Former Socialist Party and Solidarity TD Ruth Coppinger was ridiculed, by some, when a decade ago she correctly made the call for Dell’s operation in Limerick to be nationalised to save thousands of jobs. Those doing the ridiculing were resting on the assumption that such a demand would appear outlandish to the average person. Whatever about people’s receptiveness to the demand of public ownership of enterprises threatened with closure back then, we are in terrain now where people are ringing RTE radio’s Joe Duffy’s radio show calling for Bewley’s on Grafton Street to be nationalised!

It is not just the concept of public ownership to which capitalist governments are opposed, but also to the traditional relations of workers and bosses being altered in the form of workers’ control and management of enterprises, as the Socialist Party have called for.

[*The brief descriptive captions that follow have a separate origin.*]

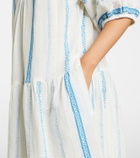 Velvet Selita tiered cotton jacquard minidress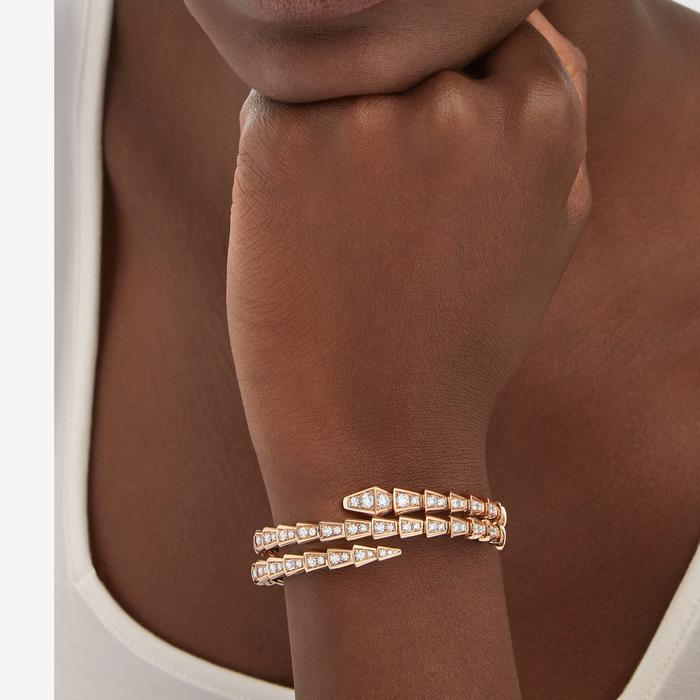 Snake pave viper diamond two row 18 gold Diamond Jewelry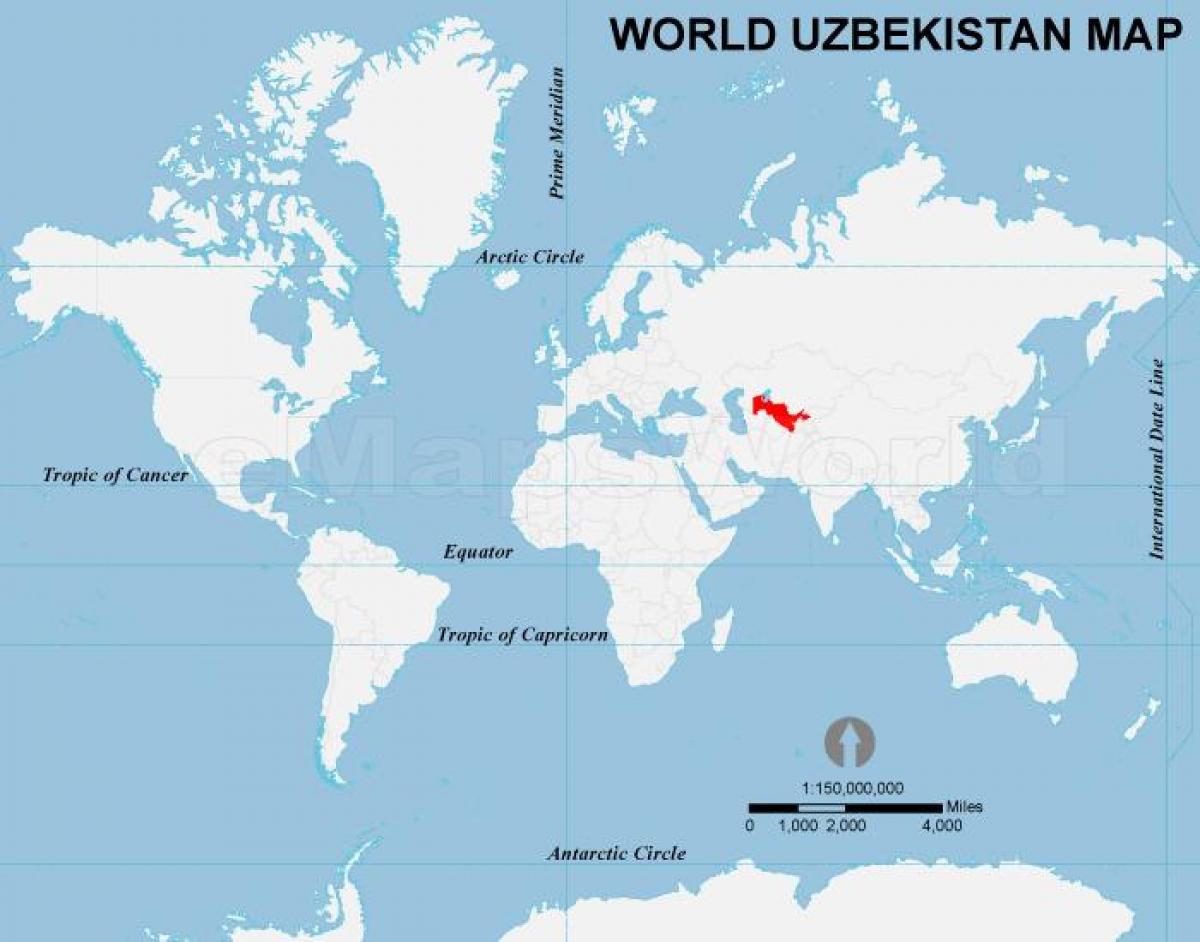 Uzbekistan vị trí trên bản đồ thế giới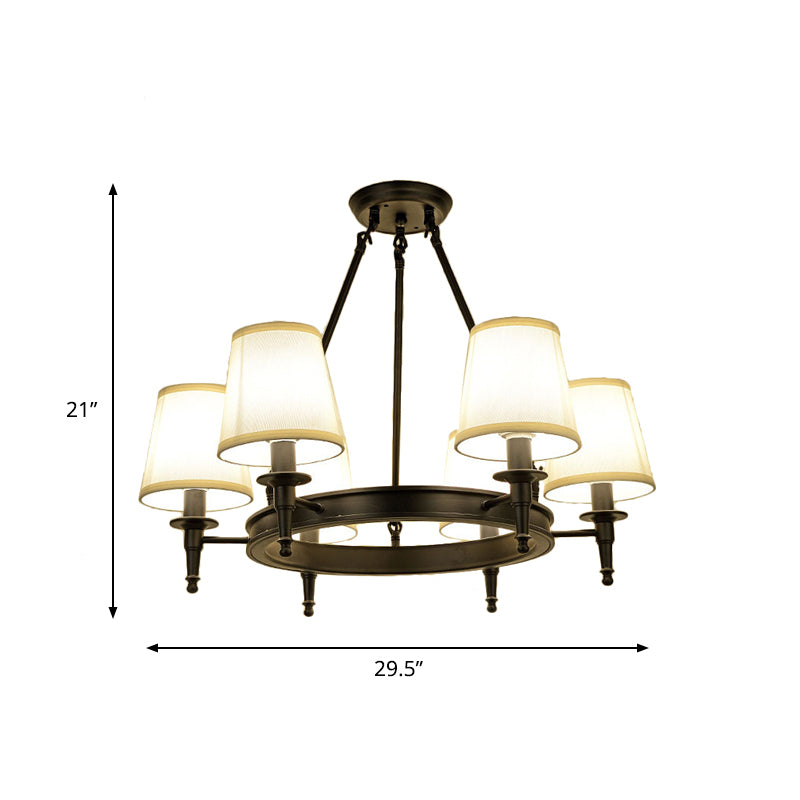Tapered Living Room Pendant Chandelier Traditional Fabric 3/6/8 Lights Black Hanging Fixture with Wagon Wheel Design Clearhalo 'Ceiling Lights' 'Chandeliers' Lighting' options 560677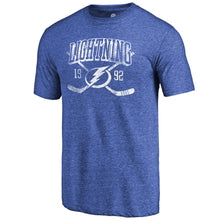 Load image into Gallery viewer, Tampa Bay Lightning Vintage Collection Line Shift Tri-Blend T-Shirt - Heathered Blue NHL Guys Tee

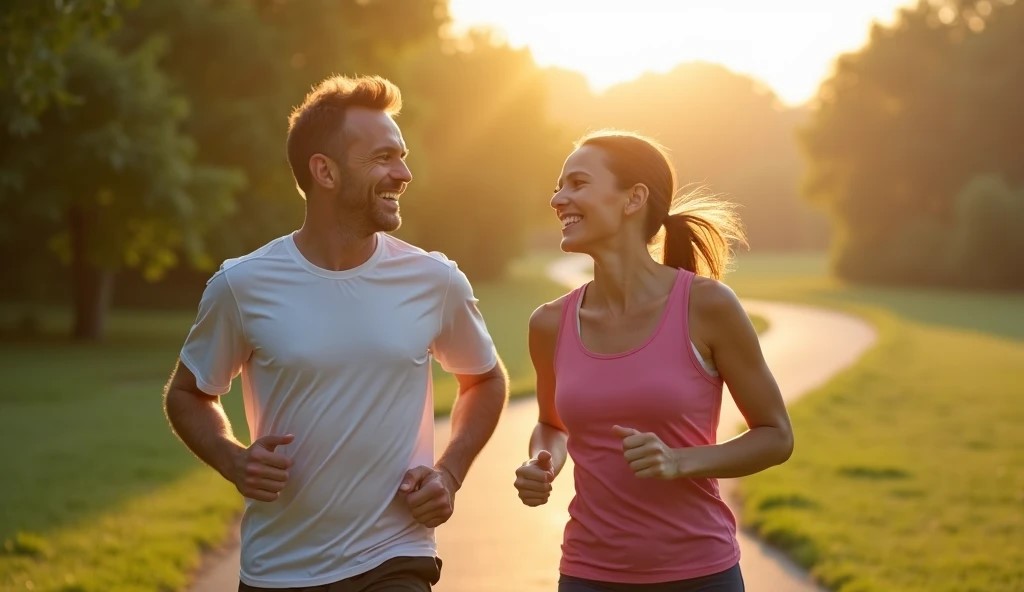 Man and woman jogging outdoors in the morning sunlight, representing how to lose weight naturally with exercise and healthy lifestyle – AI-generated.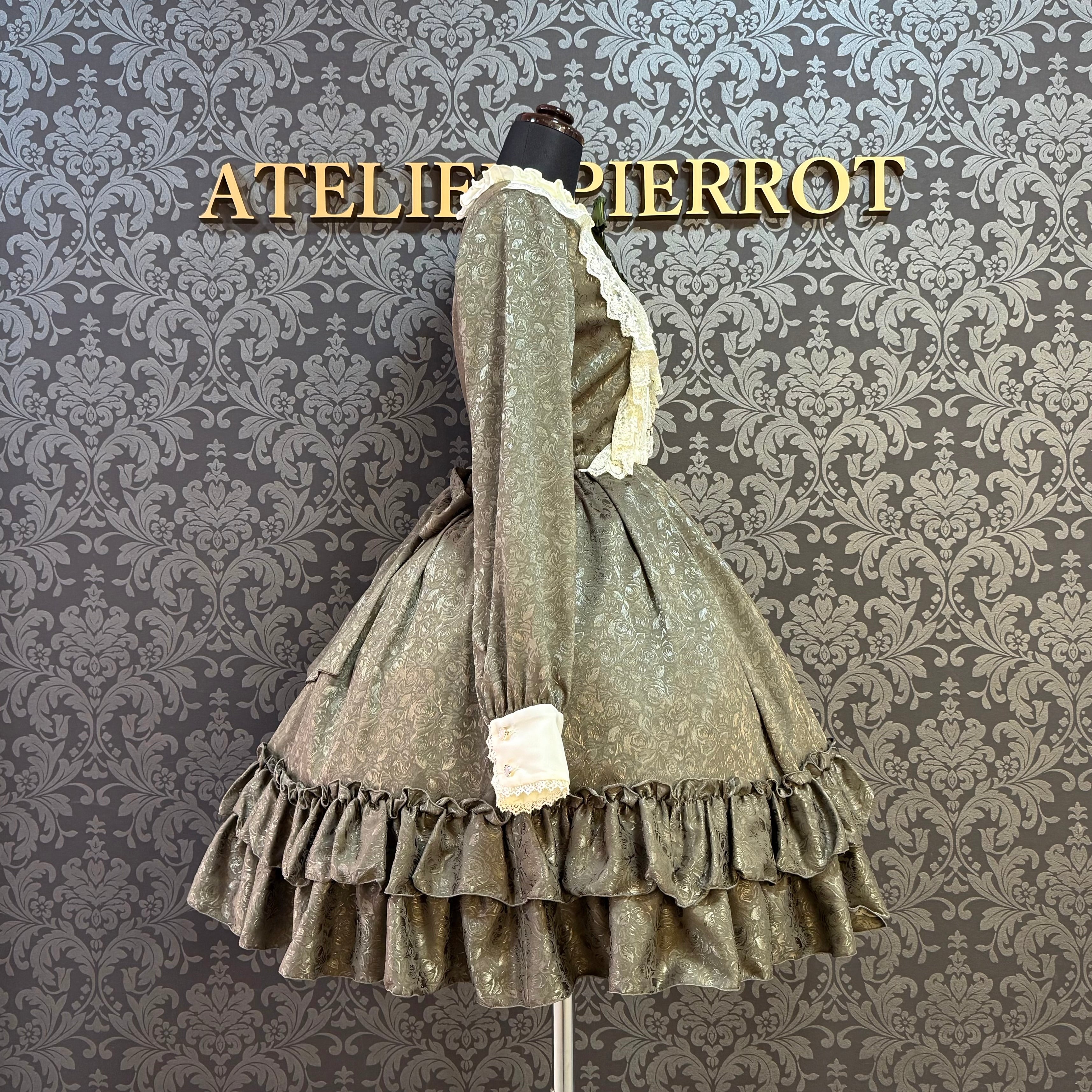 【Pina sweet collection】ピナスイートコレクション ローズジャガードワンピース アーミーグリーン/ライトグレー/サックス/ネイビー/ワイン/ブラック×ホワイト/ブラック×ブラック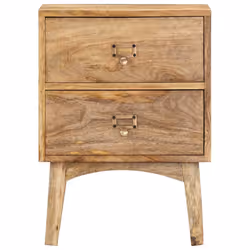 vidaXL Solid Mango Wood Bedside Cabinet Nightstand Side Cabinet Bed Cabinet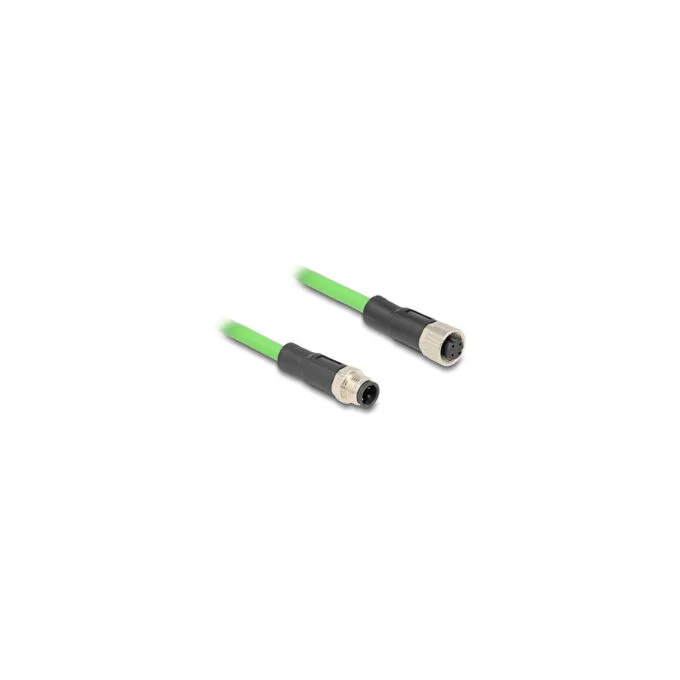 Delock M12 Kabel D-kodiert 4 Pin Stecker zu Buchse PUR (TPU) 5 m — image 3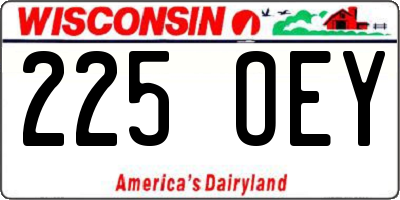 WI license plate 225OEY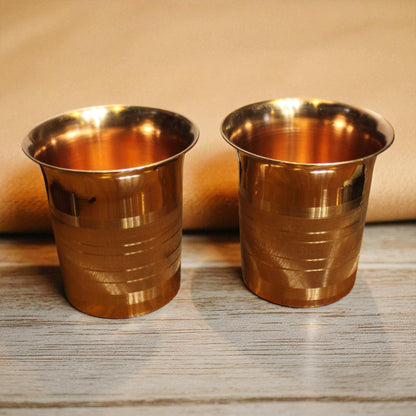 Pure Copper Ayurvedic Tumbler Set – 300ml Handmade Copper Glasses for Healthy Drinking Water, Set of 2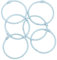 Craftelier - Set mit 6 Metallringen zum Binden, ideal für Scrapbooking und Basteln, Ringe für Alben, Notizbücher, Planer oder Tagebücher, Größe Ø 45 mm, Babyblau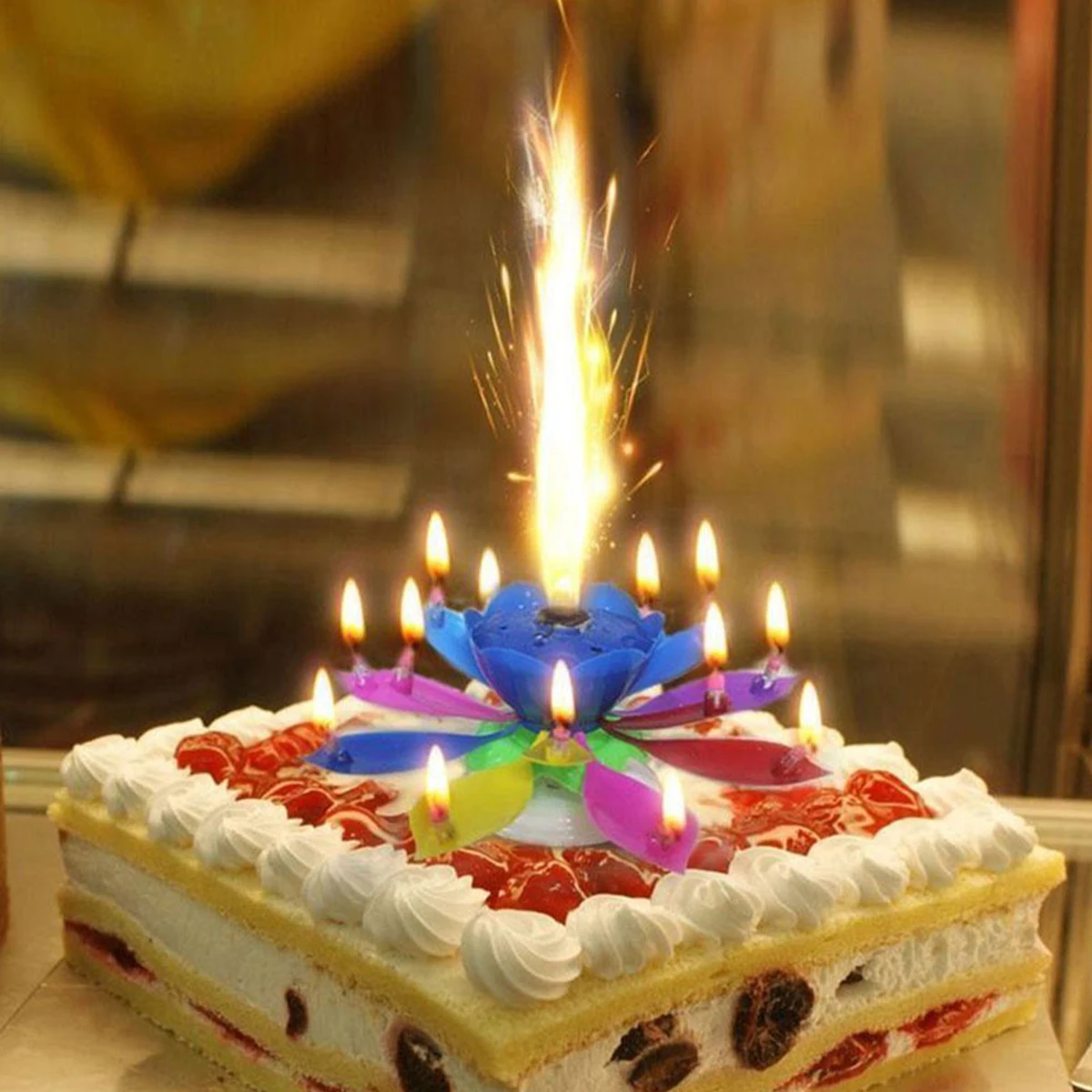 

Multicolour Birthday Cake Music Candles Battery Operated Lotus Flower Music Candles Cake Decoration for Wedding Birthday Party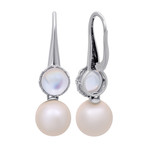 Assael 18k White Gold Moonstone + Pearl Earrings I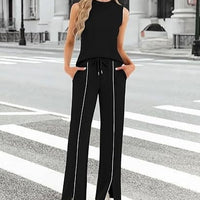 Sleeveless Tank Top And Wide-Leg Pants Two-Piece Womens Casual Sportswear Set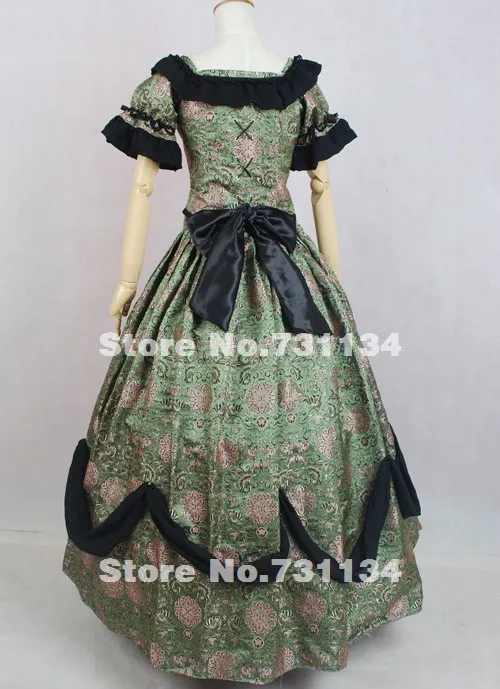 Элегантный Винтаж коричневый печатных рубашка с короткими рукавами викторианское бальное платье с цветным Ретро принтом викторианской платья для женщин костюмы для - Цвет: Коричневый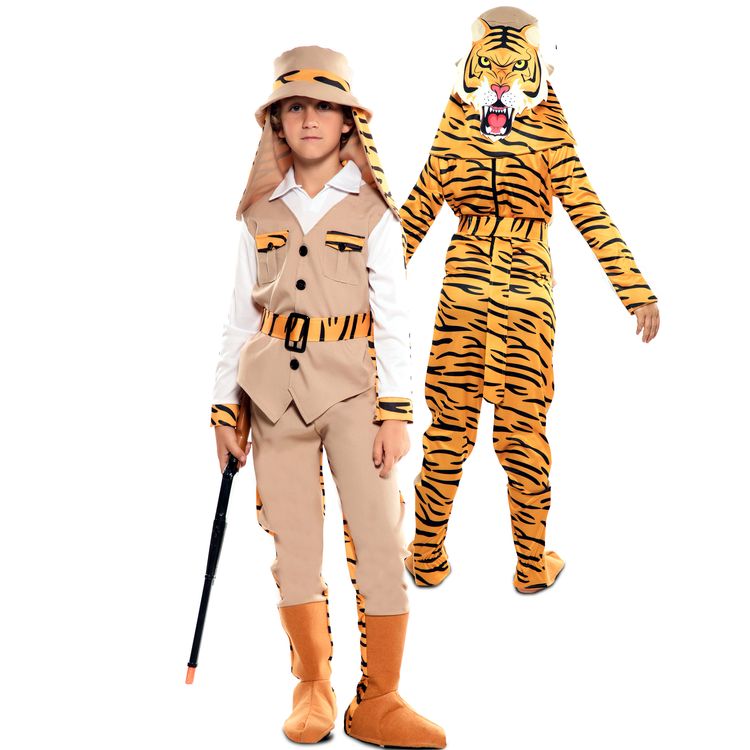 Dschungel Kostüm Wendekostüm Jäger & Tiger 2-in-1 Safari-Abenteuer für Kinder von Vorne und von Hinten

Workers’ control and management

This has been a critical aspect to the demands we have raised around Debenhams where the employer has departed the scene. One of the prejudices against workers’ control and management is the notion that the expertise does not exist among workers on the factory and shop floor to run an enterprise. The reality, as shown by Debenhams, is that even when the employers refuse to “open the books”, from among the workers there can still be a solid grasp of how the enterprise operates.

The experience of recent months has led to a re-evaluation by working class people themselves of their own worth in the jobs they do and the fragility of capitalism in the face of crisis. There is genuine appreciation for workers in sectors such as healthcare, public transport, food retail, refuse collection, among others, who have had to keep working through the crisis putting their health and lives on the line.

Here and elsewhere, for example in construction, postal delivery, manufacturing and hospitality, workers have often had to take the initiative themselves to agitate for PPE, safe systems of work and closures of non-essential enterprises where bosses were primarily concerned about the bottom line.

Workers must decide
From a health and safety aspect alone workers, via workplace trade union structures, need to be empowered in all workplaces to determine when to return to work and how the work be organised to eliminate the risk of the virus spreading. This is all the more important now as billionaires are loudly calling for a rapid unwinding of restrictions in the interests of their profit making.

The overarching demand for workers in the course of the unwinding of the Covid-19 restrictions is that there should be no going back until workers feel that it is safe to do so. The virus is a threat to human biology, but capitalism itself has further exposed itself to be a sick system that does not deserve the type of “life support” that governments want to give it – it has to go.

We demand:
· State investment for the creation of thousands of jobs including public works; social infrastructure like public childcare and eldercare; public home building; and retrofitting and renewable energy.
· For the trade union movement to organise the unemployed in the fight for a public jobs programme and fight for mandatory trade union recognition and the scrapping of anti-trade union laws
· Take job shedding companies into public ownership, with compensation only on the basis of proven need, under democratic workers’ control and management
· For trade union and workplace committees to determine how a return to work is organised including testing for all workers before they return
· Maintain the ban on evictions, for real rent controls in the South.
· For one tier public health care system that is free at the point of use funded by taxing the wealth of the super-rich and big business.
· Capitalism must go!- Take the key sectors of the economy into democratic public ownership, democratically plan the economy to meet the needs of the majority not the profits of the billionaires and big business.